The combination brings together complementary portfolios spanning herbs, spices, condiments and sauces, including brands such as Knorr and Hellmann’s alongside McCormick, French’s and Frank’s RedHot. The companies expect expanded global reach, stronger foodservice capabilities and increased investment in innovation and distribution.

Brendan Foley, Chairman, President and Chief Executive Officer of McCormick, said, “This transformative combination accelerates McCormick’s strategy and reinforces our continued focus on flavor.” He added that the deal will “create a diversified flavor leader with a robust growth profile.”

Unilever CEO Fernando Fernández said the transaction “is another decisive step in sharpening our portfolio,” adding it will create “a scaled, global flavor powerhouse.”

Synergies, Margins and Financial Profile

The companies expect $600 million in annual cost synergies within three years, with about two-thirds realized by year two. An additional $100 million in cost and revenue synergies will be reinvested in growth.

The combined company reported pro forma 2025 adjusted EBITDA of $4.7 billion and an operating margin of about 21%. Including synergies, margins are expected to reach 23% to 25% by year three. The company targets 3% to 5% growth by year three.

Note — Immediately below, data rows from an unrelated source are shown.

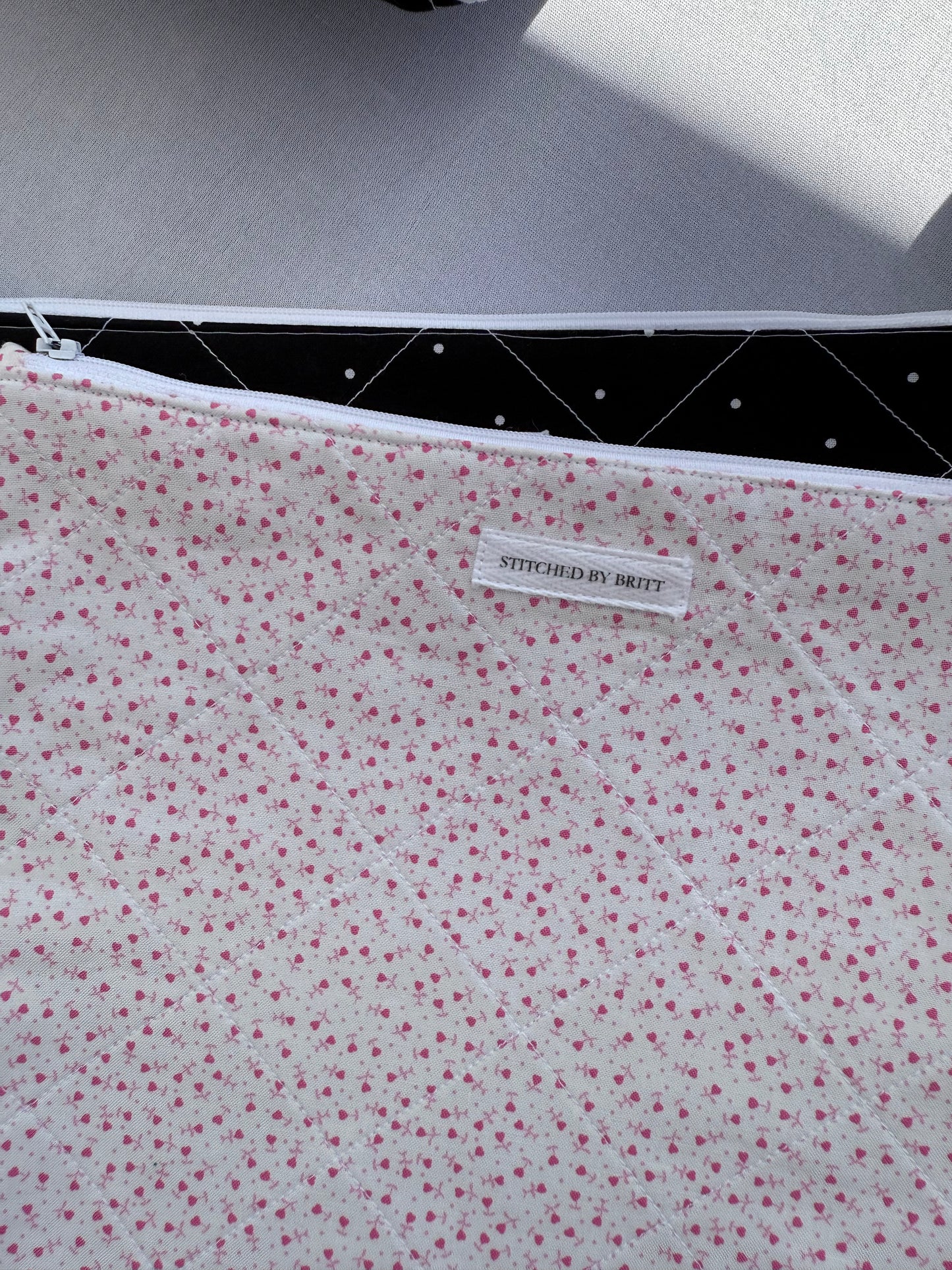 DISCOUNT Zip Pouch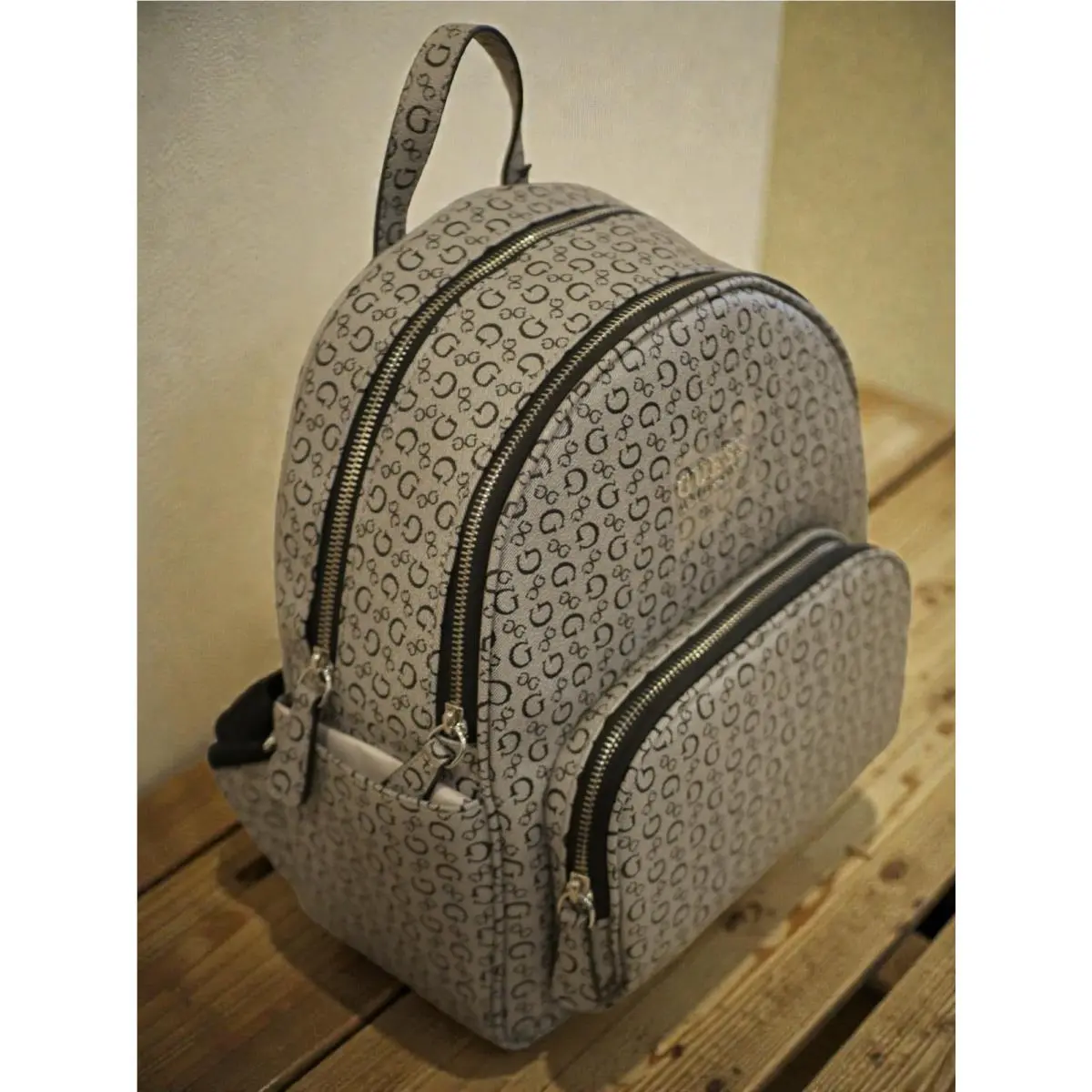 Small Guess Black Logo Backpack Shanewood Side Pockets Double Zip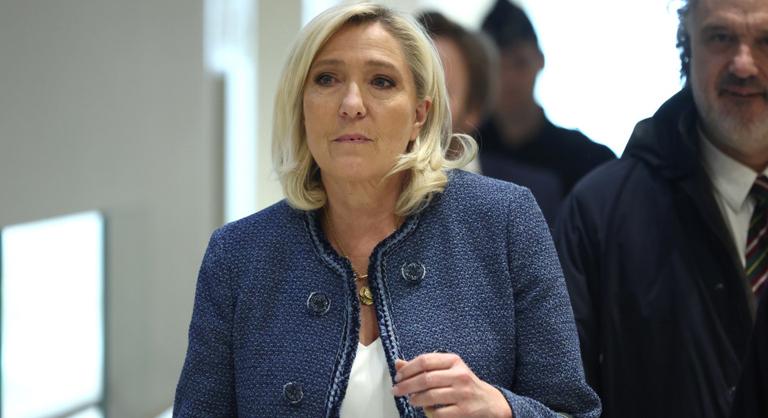 Őrizetbe vettek egy férfit, aki halálosan megfenyegette a Marine Le Pent elítélő testület elnökét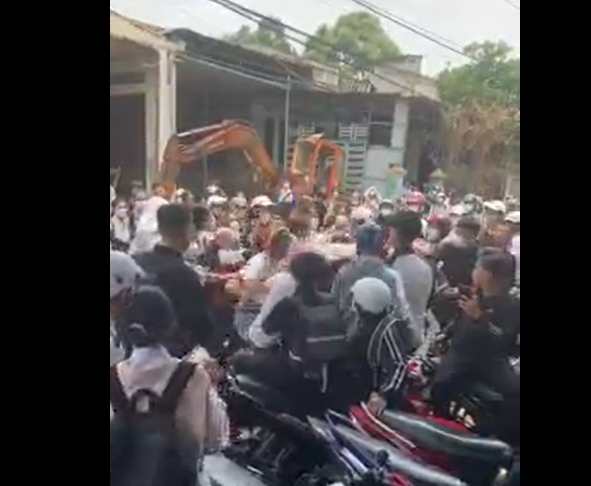 X&aacute;c minh clip nam, nữ học sinh  hỗn chiến trước cổng trường - Ảnh 1.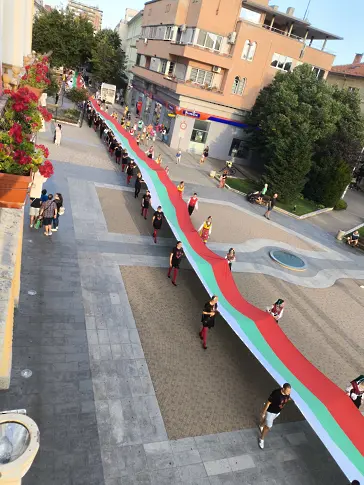 Шествие със 140-метров трибагреник премина през централната част на Сливен за 140 години Съединение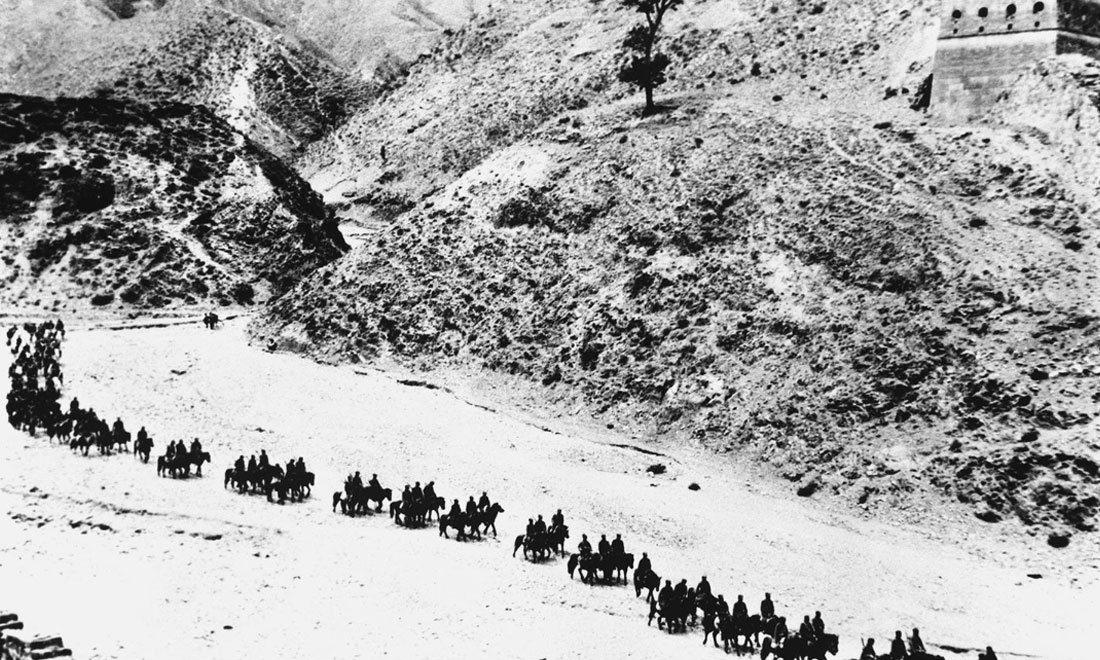 1937年11月太原失守后，八路軍向華北敵后挺進(jìn)，分兵發(fā)動(dòng)群眾，開(kāi)展敵后游擊戰(zhàn)爭(zhēng)，創(chuàng)建敵后根據(jù)地。新華社稿　沙飛攝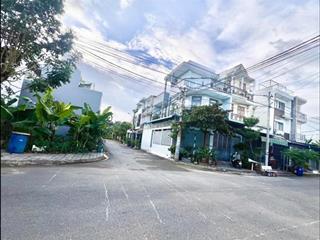 Bán nhà cấp 4 lô góc hẻm xe hơi 6m đường lã xuân oai quận 9 giá 9,9 tỷ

McCormick plans to maintain its dividend policy. Net leverage is expected to be 4.0x or less at closing, declining to 3.0x within two years.

Structure, Leadership and Timeline

McCormick will retain its name, NYSE listing and Hunt Valley, Maryland headquarters, with an international base in the Netherlands. Brendan Foley will remain CEO, and Unilever will appoint four directors to the 12-member board.

The deal, approved by both boards, is expected to close by mid-2027, subject to shareholder and regulatory approvals.

Price Action: Unilever shares were down 4.23% at $57.44 at the time of publication on Tuesday, according to Benzinga Pro data. McCormick & Co shares were down 5.16% at $50.95.